Instructions to follow
Transcribe all data verbatim. Skip the pictures.
Top of Recorded data
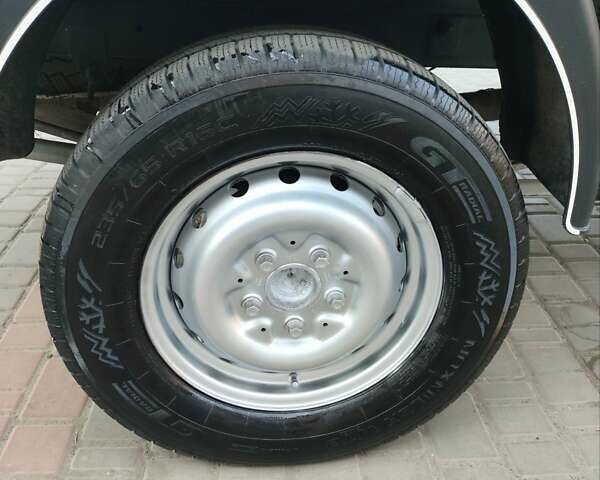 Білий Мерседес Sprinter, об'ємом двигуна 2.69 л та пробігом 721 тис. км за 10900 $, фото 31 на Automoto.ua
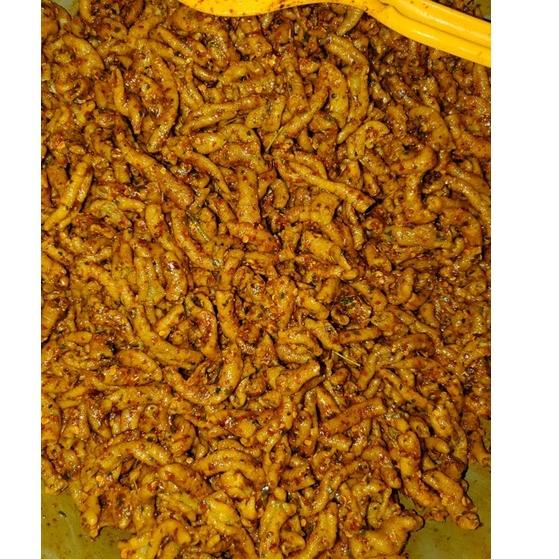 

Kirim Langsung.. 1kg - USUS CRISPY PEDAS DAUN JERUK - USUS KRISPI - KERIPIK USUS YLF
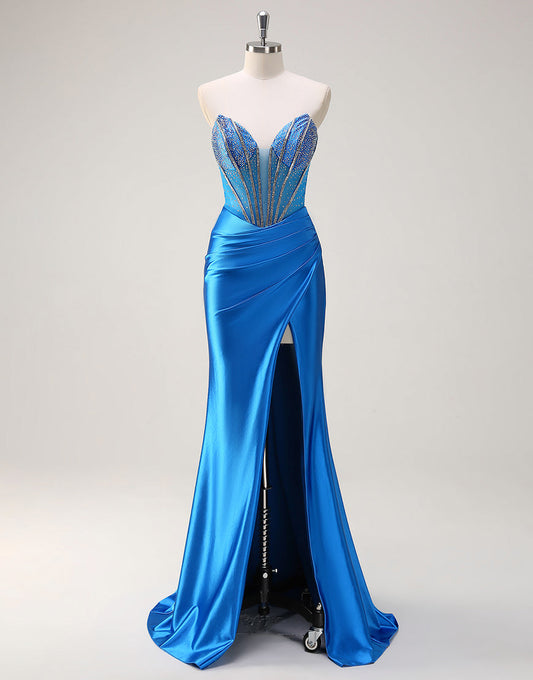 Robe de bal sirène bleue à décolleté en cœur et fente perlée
Bottom of Recorded data
Output for this task
 Білий Мерседес Sprinter, об'ємом двигуна 2.69 л та пробігом 721 тис. км за 10900 $, фото 31 на Automoto.ua

Kirim Langsung.. 1kg - USUS CRISPY PEDAS DAUN JERUK - USUS KRISPI - KERIPIK USUS YLF
 Robe de bal sirène bleue à décolleté en cœur et fente perlée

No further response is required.